Backup software for Microsoft Windows

Argentum Backup is a backup software program for Microsoft Windows, produced by Argentum. Argentum Backup copies files into Zip compressed folders, as well as provides native file copying. Backup copies can be created both manually and automatically on the schedule. The product features a number of backup task templates to back up common file locations on computers with Microsoft Windows. Argentum Backup has won PC Magazine Editors' Choice award and PC World Best Buy award.

==Features==

The company and reviewers

emphasize the overall raw simplicity and ease of use of the user interface of Argentum Backup software, aimed first for beginners and novice computer users. The company also stresses the minimalistic nature of the program and very fast backup operation due to the proprietary backup engine written in highly optimized and profiled C++/STL code. Other notable features include:

- 64-bit extensions (Zip64) to Zip format are supported to create large, multi-gigabyte Zip backups.
- Argentum Backup supports strong 128-bit and 256-bit AES symmetric encryption to securely protect sensitive data when backing up into Zip files.

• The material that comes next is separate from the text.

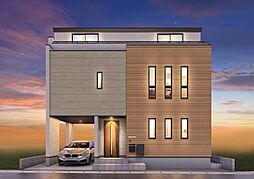 西瑞江３丁目新築住宅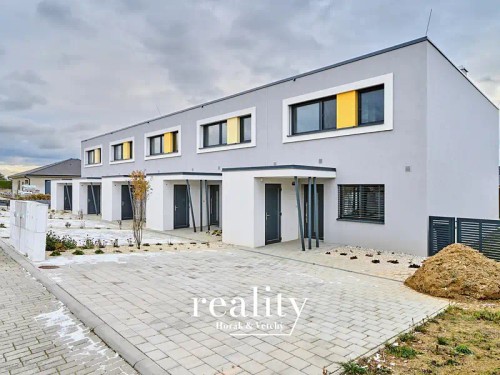 Prodej domu 134 m², pozemek 193 m²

AES 256-bit strong encryption methods provide significantly greater cryptographic security than the traditional Zip encryption.
- A set of built-in backup templates to recognize and back up locations of valuable data on Windows XP, Windows 7, Windows 10, and other Microsoft Windows platforms.
- Stacking feature which allows to have several backup copies - each backup copy for a particular point of time, to allow to get back to any of them whenever required.
- XHTML reports of backup activity with actions and problems logged and detailed summary statistics shown.